EDIT: We've tried initing queueManager like this: https://github.com/dhtech/fboss/commit/837bf7f0922a66fbfee13dbbe044cd8b3b7a6c04 without success. Current thesis is that controlPlane in BcmSwitch might not be correctly set. initTables for example seem to set it, but I cannot find any call for the function.

capveg commented 6 years ago

Thanks for the report - can you confirm before the update everything was working correctly? (sorry if it's a dumb question - I'm trying not to sound too surprised :-)

capveg commented 6 years ago

Also, unfortunately it's not trivial for me to test the OSS internally, so if you could compile with debugging options (similar to what's described here: https://stackoverflow.com/questions/7724569/debug-vs-release-in-cmake), we can get a stack trace with line numbers and can make a better guess as to what broke. Thanks for the interest!

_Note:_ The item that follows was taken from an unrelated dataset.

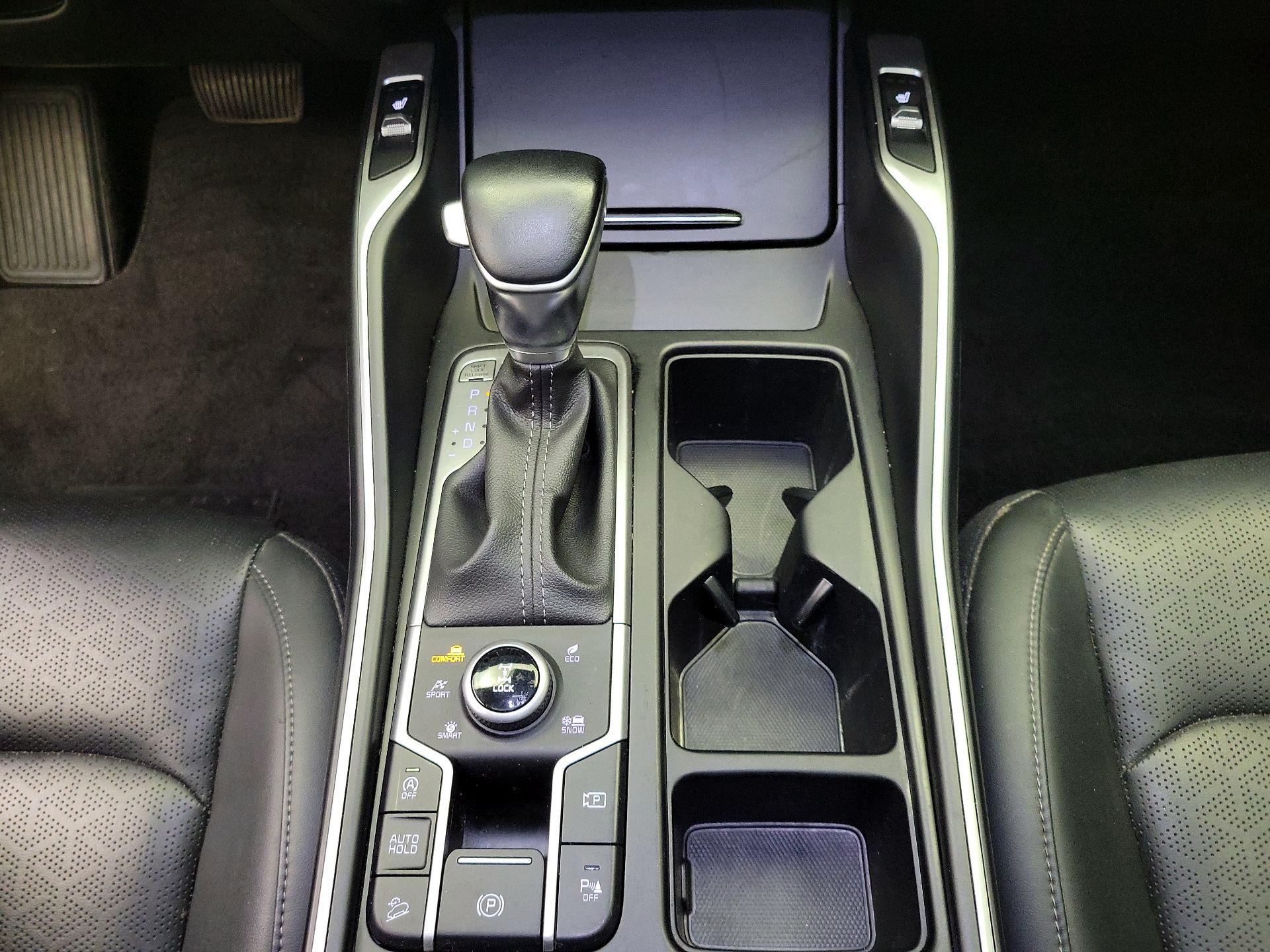 Thumbnail: 2023 Kia Sorento - 18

bluecmd commented 6 years ago

We were running at the stated commit, or at least one around that commit, in June and it certainly worked. The same switch was unboxed from storage and the only thing we did was:

1) Modify the config to set port speed 1) Realize we have to patch fboss to support that transceiver we want to use 1) Compile a new fboss from head 1) Install libsodium23 from Debian stretch backports as that seems to be a new dependency 1) Start fboss - boom

We can certainly compile a version at the previously stated commit and run with it to verify the bisection window, and we will change the config back to the one we ran successfully in June.

bluecmd commented 6 years ago

And we will get back to you with the result of the cmake -DCMAKE_BUILD_TYPE=Debug run

bluecmd commented 6 years ago

This is the log for the startup based on:

dhtech@r1a0:~/fboss$ git status
HEAD detached at e440fcd
Changes not staged for commit:
  (use "git add <file>..." to update what will be committed)
  (use "git checkout -- <file>..." to discard changes in working directory)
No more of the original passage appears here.